This is precisely what I had in mind in suggesting that rising economic inequality was causing people of reproductive age in this country to think hard about having a child. And, I could not agree more with their overall conclusion: "The United States needs a fundamental rethinking of public policy priorities to improve the lives of the next generation of children." This should include the creation of better, higher-paying jobs for young adults (the potential parents), along with strong support for academically excellent (and safe) public education so that these kids can grow up with the knowledge and skills they need to succeed in life.

Thursday, May 17, 2018

US Birth Rate Down Yet Again

Women in the U.S. continue to have fewer babies. That's the news from the National Center for Health Statistics, highlighted in today's NYTimes (and thanks to Rubèn Rumbaut for the link).
The fertility rate in the United States fell to a record low for a second straight year, federal officials reported Thursday, extending a deep decline that began in 2008 with the Great Recession.
You can see in the graph below that both the number of births and the general fertility rate (births per 1,000 women aged 15-44) plummeted in the 1970s as the country went through the Baby Bust that followed the Baby Boom. The number of births recovered over time, largely because the number of women of reproductive continued to increase. But you can see that the birth rate itself never really recovered. It bounced up a bit in line with the rise in economic activity that ultimately led to the Great Recession in 2008, which was followed by a relatively precipitous drop in numbers of births and the birth rate.
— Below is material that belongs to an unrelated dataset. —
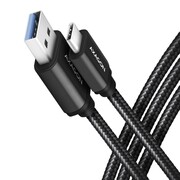 AXAGON BUCM3-AM20AB Kabel USB-C - USB-A 3.2 Gen 1, 2m, 3A, ALU, oplot, czarny AXAGON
It is good of course that the teen birth rate continues to drop, and it is interesting that the only age group with a clear increase was 40-44. The long-term trend has been for rates to be declining at all ages under 35, and rising at ages 35-44. Clearly women are postponing births. Why? The reaction to the economic rise (an increase in the birth rate) and the Great Recession (a drop in the birth rate) suggests that the economy has a lot to do with people's decision-making, especially in an era where birth control is readily available (no matter how hard some people want to put a lid on that!). My theory is that the root cause of the fertility trend is the increasing level of income and wealth inequality in the United States. Neither the President nor Congress seems to have any inclination to invest in infrastructure improvement and other government-sponsored programs that have been key components to past economic growth. Handing big tax breaks to a relatively small number of wealthy people and large corporations has no history of stimulating the kind of economic growth that helps a wide swath of people, whereas government-sponsored programs do have that kind of history.

Wednesday, May 16, 2018

Urban Population of the World Projected to Increase by 2.5 Billion by Mid-Century

Thanks to Todd Gardner for the link to a report released today from the UN Population Division detailing their new projections of the urban population.
By 2050, two out of every three people are likely to be living in cities or other urban centres, according to a new United Nations report, highlighting the need for more sustainable urban planning and public services.
Most of the increase is expected to be highly-concentrated in just a handful of countries. “Together, India, China and Nigeria will account for 35 per cent of the projected growth of the world’s urban population between 2018 and 2050…It is projected that India will have added 416 million urban dwellers, China 255 million and Nigeria 189 million,” said DESA, announcing the findings on Wednesday.
By 2028, the Indian capital, New Delhi, is projected to become the most populous city on the planet. Currently, Tokyo is the world’s largest, with an agglomeration of 37 million inhabitants, followed by New Delhi (29 million), and Shanghai (26 million). Mexico City and São Paulo, come next; each with around 22 million inhabitants.
As the report suggests, these projections imply a tremendous demand for services to meet the needs of these new (and current) urban residents in a sustainable manner--shelter, food, water, sanitation, education, law enforcement, and of course jobs, many of which will be focused precisely on servicing those needs. This will be simultaneously a challenge and an opportunity, and guarantees that the world will be a different place at mid-century than it is now.

Monday, May 14, 2018

Demography and its Consequences

One of the consequences of the age transition in many countries is that at some point the working age population shrinks in comparison to the other age groups. These changes require a response and therein lies the linkage between demography and everything else going on in society. Last week's Economist had a story in the print edition that addressed this issue with the heading "Demography and its Consequences: Small Isn't Beautiful." The geographic focus is on Eastern Europe and the way in which its labor force has been decimated both by emigration and a low birth rate, keeping in mind that emigration exacerbates the birth rate issue because it is typically adults of reproductive age that are moving out. 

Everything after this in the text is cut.